Não sou escritora, política, ou entendida em assuntos muito profundos como os que estamos debatendo e assistindo no momento. Mas em meio à enxurrada de textos que recebo todos os dias, me vejo na necessidade de reagir. Mais que um texto de posicionamento pessoal, eu quero apenas "vomitar" algumas idéias e sentimentos que estão me corroendo por dentro, e na impossibilidade de poder soltar um grito, me atrevo a escrever e espalhar alguns pensamentos, assim como muitos estão fazendo nestes dias.
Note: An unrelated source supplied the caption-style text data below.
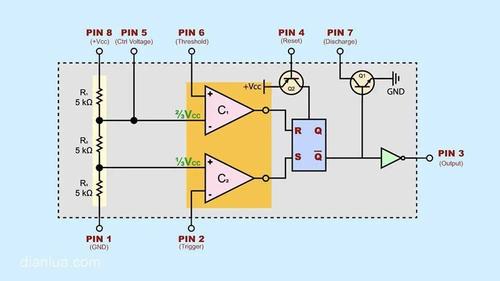 555定时器芯片内部电路分析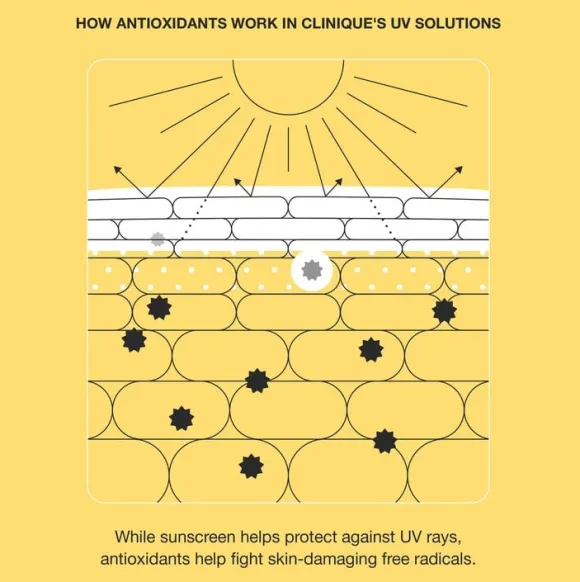 UV Solutions Brightening + Tinted Sunscreen SPF 50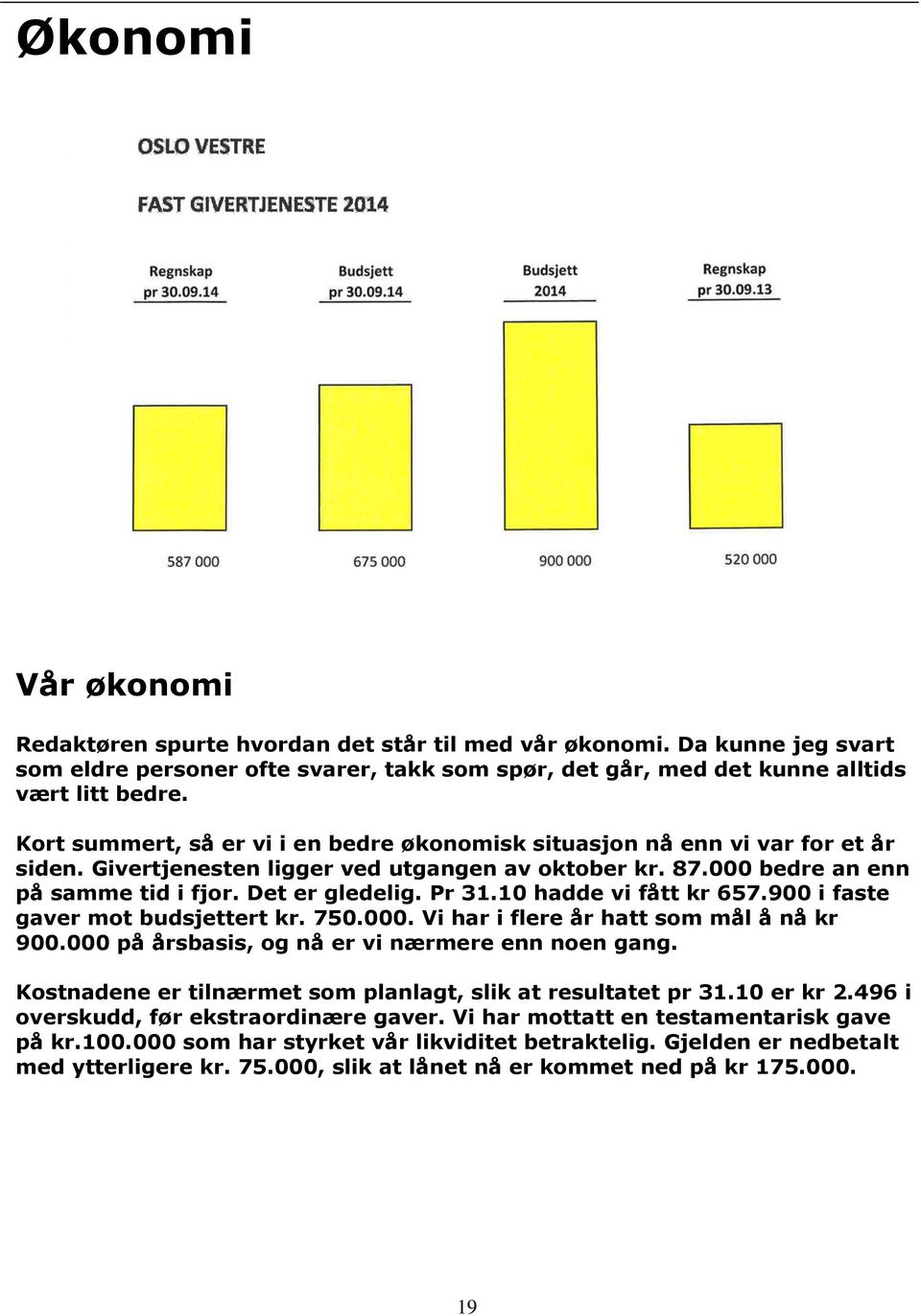 10 hadde vi fått kr 657.900 i faste gaver mot budsjettert kr. 750.000. Vi har i flere år hatt som mål å nå kr 900.000 på årsbasis, og nå er vi nærmere enn noen gang.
Desde os primeiros debates e pesquisas do primeiro turno, até o resultado das eleições tenho tentado refletir sobre a responsabilidade dessas duas mulheres que se dispuseram a assumir o risco de concorrer à presidência da República. Desde há muito tempo queremos ver como mulheres e feministas a nós mesmas representadas no Planalto. E para nós mulheres, creio que foi fundamental ver essas duas mulheres, diferentes e iguais ao mesmo tempo, demonstrando sua capacidade de articular e mobilizar o Brasil em torno de dois temas tão importantes e urgentes para todo o país, bem como para toda humanidade. A partir desta campanha o rosto da mulher brasileira fará parte dos debates políticos. Não será mais possível ignorar a presença das mulheres na política, porque através delas todas nós estivemos representadas e fomos o alvo das atenções. No rosto de Marina a mulher pobre pode se ver, no rosto de Dilma a intelectual, a empresária, as mulheres que tiveram acesso à educação. Fomos vistas não como objeto de cama e mesa, mas como mulheres capazes de conduzir um país, e representá-lo no mundo.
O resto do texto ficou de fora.